The last few days have seen a remarkable level of bad news. So far, we've seen James Brown die, we've seen Gerald Ford die, we've had an earthquake disrupt communications to and from Taiwan, we've had a bunch of armed men divest an entire mall of its weekend sales... it's as though 2006 decided to spring its misfortune at us all at once.

If there was anything that raised my hackles about the year-end news, however, it was this little piece about how an Indian chess player was caught cheating with a wireless device. In an era where the game's traditionalists are grappling with the encroachment of technology upon their "sport", this is a particular slap to their collective faces. Having been all of a chess player, a chess technologist and a tournament organizer at various points in my life, I can see why.

The offense is just wrong on so many levels. For standard players both casual and professional, it represents the fringe attitude of using competition to promote personal superiority. Games are supposed to help you improve certain mental and social skills. They're not supposed to assist you in amassing wealth and fame, crushing your opponents, seeing them driven before you, and hearing the lamentations of their women. Sharma's move can be compared to consulting a dictionary in a game of Scrabble or opening up Wikipedia in the middle of Trivial Pursuit: It illustrates a desire to win, regardless of cost or consequences -- and it must be heavily discouraged.

For programmers and tech conceptualists, the offense represents nothing more than a perversion of their efforts. Technology is usually created to benefit society, not to provide advantages over others.
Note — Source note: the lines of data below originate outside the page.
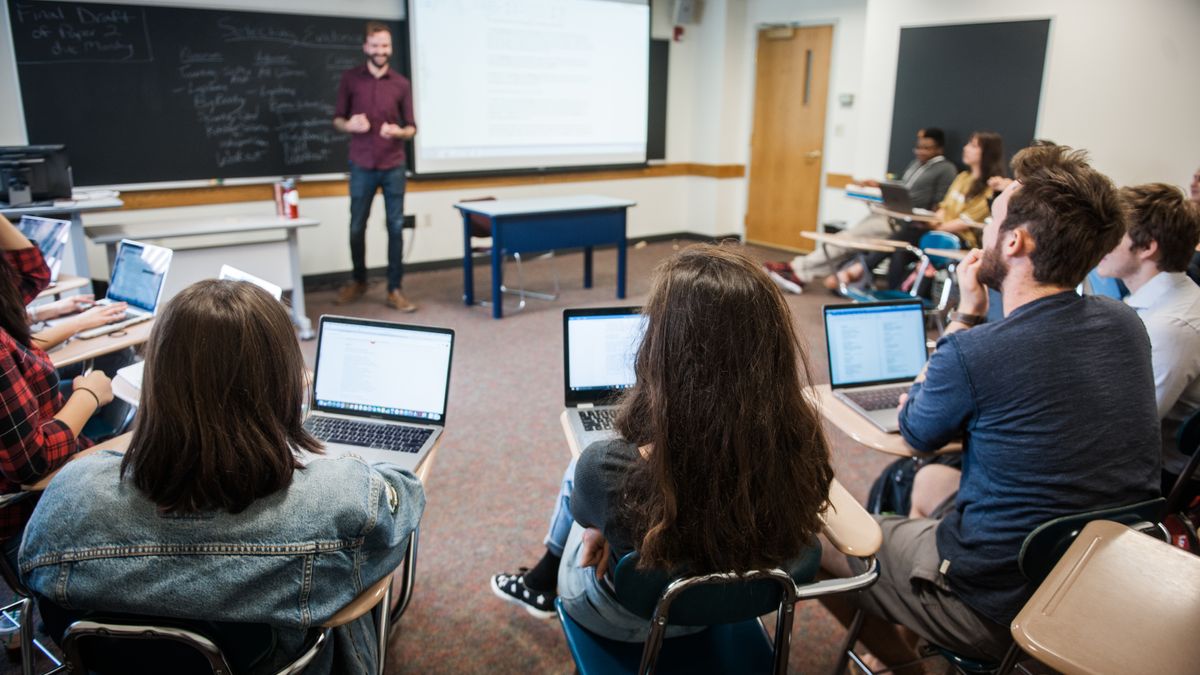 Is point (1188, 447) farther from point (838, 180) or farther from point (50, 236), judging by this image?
point (838, 180)

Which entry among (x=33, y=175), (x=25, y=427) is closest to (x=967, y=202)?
(x=25, y=427)

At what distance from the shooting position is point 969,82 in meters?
5.31

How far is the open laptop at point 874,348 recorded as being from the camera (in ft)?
6.89

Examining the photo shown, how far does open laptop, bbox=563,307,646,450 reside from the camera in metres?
1.90

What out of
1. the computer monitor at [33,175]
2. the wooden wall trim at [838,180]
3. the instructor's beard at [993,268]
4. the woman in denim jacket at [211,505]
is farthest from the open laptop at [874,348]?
the wooden wall trim at [838,180]

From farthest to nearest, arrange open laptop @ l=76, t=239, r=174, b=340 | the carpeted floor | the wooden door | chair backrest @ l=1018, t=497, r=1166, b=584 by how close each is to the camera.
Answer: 1. the wooden door
2. open laptop @ l=76, t=239, r=174, b=340
3. the carpeted floor
4. chair backrest @ l=1018, t=497, r=1166, b=584

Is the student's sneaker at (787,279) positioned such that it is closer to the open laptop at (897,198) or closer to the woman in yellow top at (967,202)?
the woman in yellow top at (967,202)

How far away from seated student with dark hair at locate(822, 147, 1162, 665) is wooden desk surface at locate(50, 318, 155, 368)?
6.76 feet

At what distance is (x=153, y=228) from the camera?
4.24 meters

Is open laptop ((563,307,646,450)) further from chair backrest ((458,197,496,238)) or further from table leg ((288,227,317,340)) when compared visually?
chair backrest ((458,197,496,238))

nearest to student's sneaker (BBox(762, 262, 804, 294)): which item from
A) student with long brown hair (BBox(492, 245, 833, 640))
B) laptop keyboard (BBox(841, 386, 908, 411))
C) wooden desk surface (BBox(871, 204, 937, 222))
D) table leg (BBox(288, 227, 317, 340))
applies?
wooden desk surface (BBox(871, 204, 937, 222))

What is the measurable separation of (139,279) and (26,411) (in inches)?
48.6

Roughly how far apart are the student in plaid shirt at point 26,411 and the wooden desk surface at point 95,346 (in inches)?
13.1

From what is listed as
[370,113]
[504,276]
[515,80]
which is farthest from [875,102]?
[370,113] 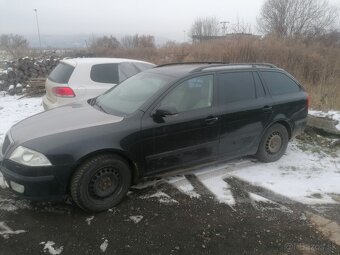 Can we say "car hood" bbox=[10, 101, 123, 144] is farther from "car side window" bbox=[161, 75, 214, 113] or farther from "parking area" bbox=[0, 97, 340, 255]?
"parking area" bbox=[0, 97, 340, 255]

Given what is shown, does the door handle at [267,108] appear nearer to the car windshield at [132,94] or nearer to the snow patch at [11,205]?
the car windshield at [132,94]

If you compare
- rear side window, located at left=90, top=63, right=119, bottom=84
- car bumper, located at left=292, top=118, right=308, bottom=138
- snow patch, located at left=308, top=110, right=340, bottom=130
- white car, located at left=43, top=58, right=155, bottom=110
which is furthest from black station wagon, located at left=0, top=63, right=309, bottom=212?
snow patch, located at left=308, top=110, right=340, bottom=130

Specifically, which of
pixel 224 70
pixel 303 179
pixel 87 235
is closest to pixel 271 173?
pixel 303 179

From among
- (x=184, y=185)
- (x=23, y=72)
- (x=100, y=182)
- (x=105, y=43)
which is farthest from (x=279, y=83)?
(x=105, y=43)

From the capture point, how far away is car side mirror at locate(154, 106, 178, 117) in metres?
3.95

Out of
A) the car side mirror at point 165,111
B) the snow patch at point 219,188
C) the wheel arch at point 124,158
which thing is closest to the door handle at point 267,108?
the snow patch at point 219,188

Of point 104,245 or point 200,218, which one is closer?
point 104,245

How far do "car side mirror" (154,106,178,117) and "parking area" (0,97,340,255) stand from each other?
1.13 metres

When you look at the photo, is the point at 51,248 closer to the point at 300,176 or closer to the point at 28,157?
the point at 28,157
Using the same technology for dubious areas implies that a certain amount of greed or want goes into the justification. Dynamite was not created to blow people up. Chatrooms were not conceptualized to cater to peoples' paedophiliac tendencies. And despite what some opportunists may think, wireless phone technology was not created so that they could cheat at chess.
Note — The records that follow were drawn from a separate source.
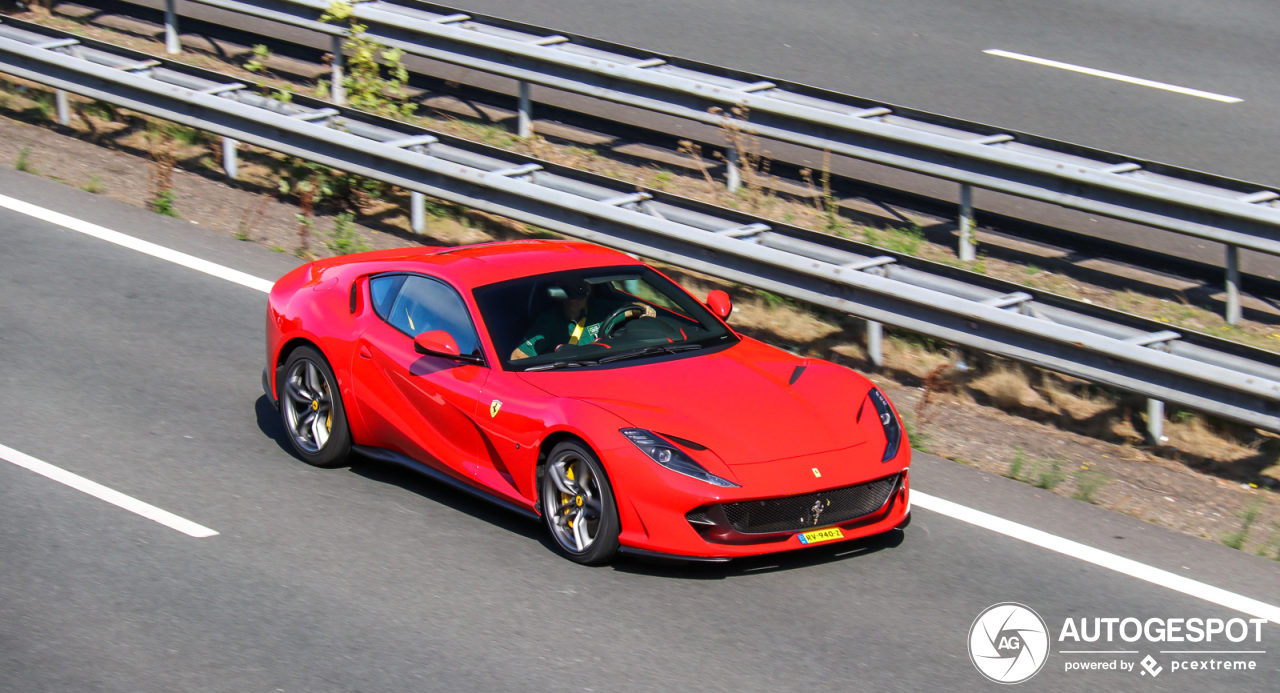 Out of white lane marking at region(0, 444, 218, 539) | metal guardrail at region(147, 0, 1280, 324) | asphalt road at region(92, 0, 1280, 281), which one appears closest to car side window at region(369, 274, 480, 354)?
white lane marking at region(0, 444, 218, 539)

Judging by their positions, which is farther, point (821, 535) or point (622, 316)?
point (622, 316)

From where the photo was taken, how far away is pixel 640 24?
16156 mm

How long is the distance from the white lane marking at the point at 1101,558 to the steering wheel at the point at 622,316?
5.99 feet

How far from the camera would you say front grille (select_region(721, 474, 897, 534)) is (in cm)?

And then there's the fact that such a practice is detrimental to the concept of tournaments as a whole. When you're trying to put together a safe venue for fair play, the last thing you want is for some idiot to walk in and muck everything up just so that they can steal a few more points from the community. It insults an organizer's efforts at security and offends each player's sensibilities. What's worse is that it's clearly an area where the player should police himself, as opposed to waiting for an official to tell him that he's doing something wrong.

Put all this together, and you can see why cheating offenses like these are tantamount to any criminal charge: You know perfectly well that it's wrong, you know perfectly well that it will affect multiple people on so many levels, and you do it regardless.
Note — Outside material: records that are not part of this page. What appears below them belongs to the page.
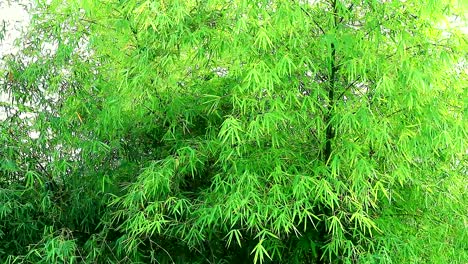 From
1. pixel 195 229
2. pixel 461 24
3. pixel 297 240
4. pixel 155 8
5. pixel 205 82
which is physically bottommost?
pixel 297 240

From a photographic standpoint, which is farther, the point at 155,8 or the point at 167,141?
the point at 167,141

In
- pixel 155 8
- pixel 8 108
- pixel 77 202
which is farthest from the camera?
pixel 8 108

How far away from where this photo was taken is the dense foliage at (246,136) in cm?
369

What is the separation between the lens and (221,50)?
149 inches

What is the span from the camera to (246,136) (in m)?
3.73

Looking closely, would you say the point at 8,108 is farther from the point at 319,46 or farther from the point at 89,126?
the point at 319,46

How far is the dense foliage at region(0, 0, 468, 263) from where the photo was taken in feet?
12.1

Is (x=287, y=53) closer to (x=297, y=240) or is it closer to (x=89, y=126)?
(x=297, y=240)

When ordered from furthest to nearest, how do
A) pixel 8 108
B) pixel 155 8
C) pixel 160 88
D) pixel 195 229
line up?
1. pixel 8 108
2. pixel 160 88
3. pixel 195 229
4. pixel 155 8

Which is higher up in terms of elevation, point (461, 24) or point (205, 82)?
point (461, 24)

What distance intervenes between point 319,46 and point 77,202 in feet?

Sharma received a ten-year ban from competitive chess play as a result of his efforts; This was expected, in a way. Because you can't level much in the way of criminal charges against cheaters, most competitive bodies organize their own sanctions against erring players. Various ban lengths seem to be the norm, especially at higher offenses. It's a lot like suspending a student for plagiarism, if you want to look at it that way.

Ten years is usually the second-longest length of ban time that can get imposed as a sanction. On the one hand, it's not so long that an offender can carefully consider his crime and possibly return to the game after the period of censure is over. On the other hand, it's long enough to guarantee that the offender's presence won't darken any doorways in the near future. The highest penalty -- the lifetime ban -- is usually only reserved for people who bring actual criminal offenses to a tournament (graft, assault or anything beyond that, for instance), but cheating brings about its own stigma that won't easily be forgotten even after ten years. Sharma will find that he will have quite the long road uphill to climb, if he ever decides to return to the game after a decade's wait.

Seeing that this is chess, however, I figure that Umakant Sharma will likely run into more than a few problems in his life outside the game. This isn't some diversion like badminton or Magic: the Gathering where whatever you accomplish in the tournament scene will probably stay in the tournament scene. This is chess, ladies and gentlemen. This is the game that practically half the world plays, a game that is widely considered to rely on one's personal talents. Tell a person that you cheated your way into the World Poker Tour, and they might still forgive you for it; Tell that same person that you attempted to cheat your way into a national chess championship, and they'll close their doors to you. Chess is considered to be the utmost formality of all the games out there: If you can't conduct yourself properly when playing it, then what more can be done for you?

The most ironic aspect of this incident is that Sharma's offense will make the chess-playing community feel far less secure about their tournaments. Yes, the officials in his case were able to prosecute and penalize him properly, effectively handling the issue well. Despite that, however, it must be noted that the man was able to win a lot of games prior to his being found out. He was able to note an astronomical rise in his personal ranking. He was able to compete in tournaments without anyone knowing that he was up to no good at all.

Chess players and officials, I fear, will now be hard-pressed to prove that any person sitting across a black-and-white board isn't manipulating things in some way. What are we looking at here, really? Will officials end up banning all electronic devices at chess tournaments? Will they begin cordoning off entire audiences? Will they start setting up metal detectors?

One single cheater in a high-profile game may not necessarily have realized what he has done. But the repercussions are there, mind you. They've already sent the first ripples through a game community, unmindful of the deaths of entertainment pioneers and former presidents.